Urinary tract infections are characterized by burning, pain, the need to urinate often and urgently.  UTIs are caused by an invasion of the urinary tract by an organism, usually bacteria, leading to inflammation.  The bacteria E. coli, a normal gut flora, accounts for approximately 85% of UTIs.  It is estimated that up to one third of all women in the US will have experienced a UTI by age 24.  Women are at much higher risk for UTIs than men due to their shorter and straighter urethras (opening to the bladder).  This allows bacteria a straight shot from the area around the rectum and vagina to the bladder.  Sexual activity, use of spermacides, and post-menopausal status has also been shown to be risk factors for UTIs.

UTI symptoms are usually not subtle and generally worsen over time.  The majority of simple infections can be diagnosed based on clinical symptoms and treated with a short course of antibiotics.  Pyridium, an over the counter pain medication for the bladder, can be taken with the antibiotics to help symptoms until the antibiotics start working.  Just note that this medicine causes the urine to have a bright orange color, so do not be alarmed.

If the symptoms do not improve with antibiotic treatment, it is important to obtain further evaluation from your doctor.  There are many reasons why patients may not get better from their initial treatment with antibiotics.  First, if you did not give a urine sample to your doctor and you were just treated based on your symptoms, it is possible that you are infected by bacteria that does not respond to the antibiotics prescribed.  Although the majority of infections are caused by E. coli, there are several strains of E. coli that can infect the urinary tract, and there are other common bacteria that can cause UTIs.  It is also possible that your symptoms may be due to something other than a UTI.  A lot of other pelvic floor/bladder disorders can cause symptoms of urinary frequency and urgency and pain.  It’s important to see your doctor so that he/she can ensure that you are being treated for the correct diagnosis.

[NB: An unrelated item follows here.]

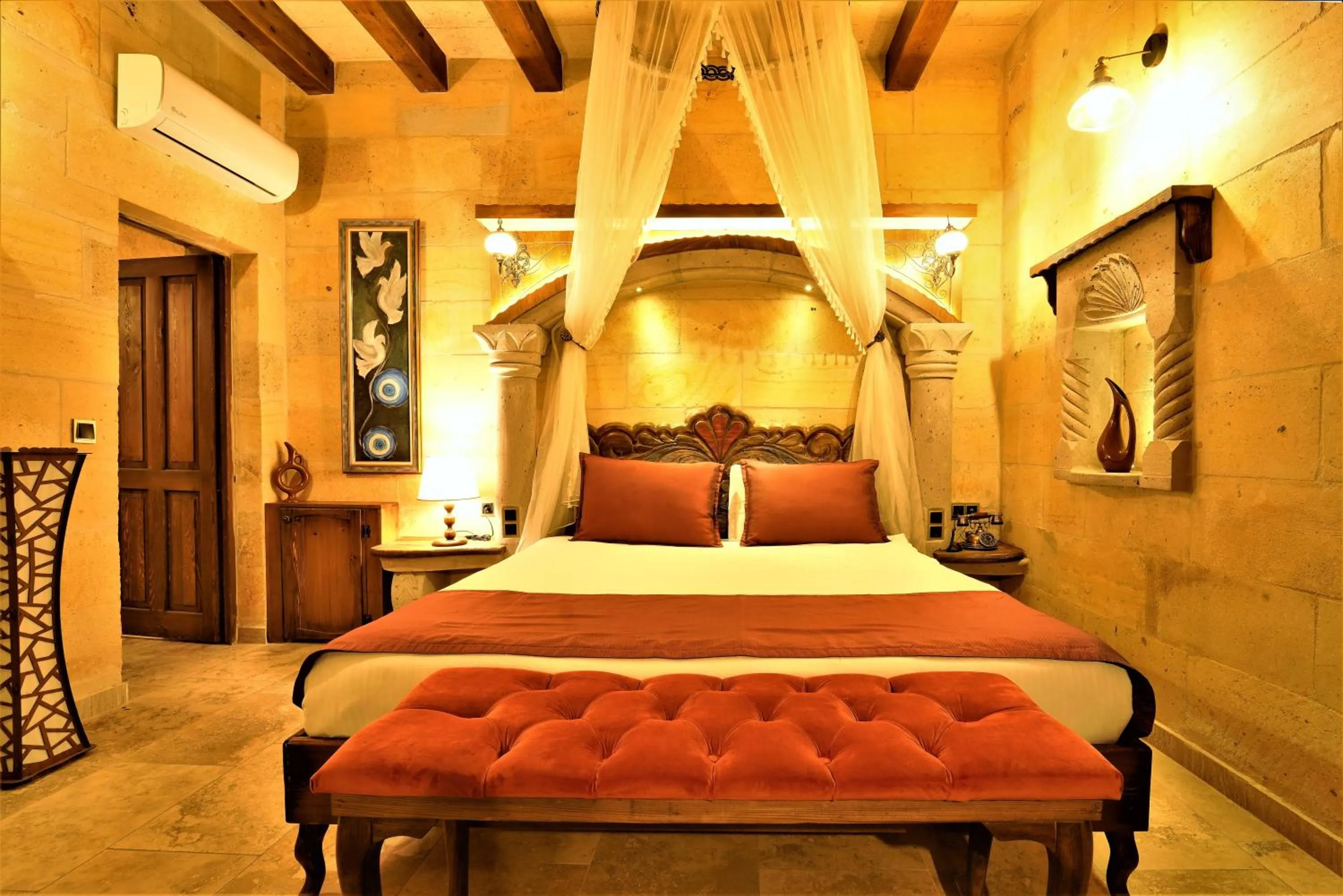 Superior Queen Room in Pegas Cave Suites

If you develop nausea, vomiting, high fever, or back pain this may be a sign of a more serious kidney infection and you should call your doctor right away.  If you are getting many infections (greater than or equal to 3 in a year), you should discuss evaluation and treatment for recurrent UTIs with your doctor.

So remember, UTIs are common and usually easily treated with a short course of antibiotics.  Anything that becomes more complicated than this should warrant an appointment with your doctor to make sure nothing more serious is going on with your body.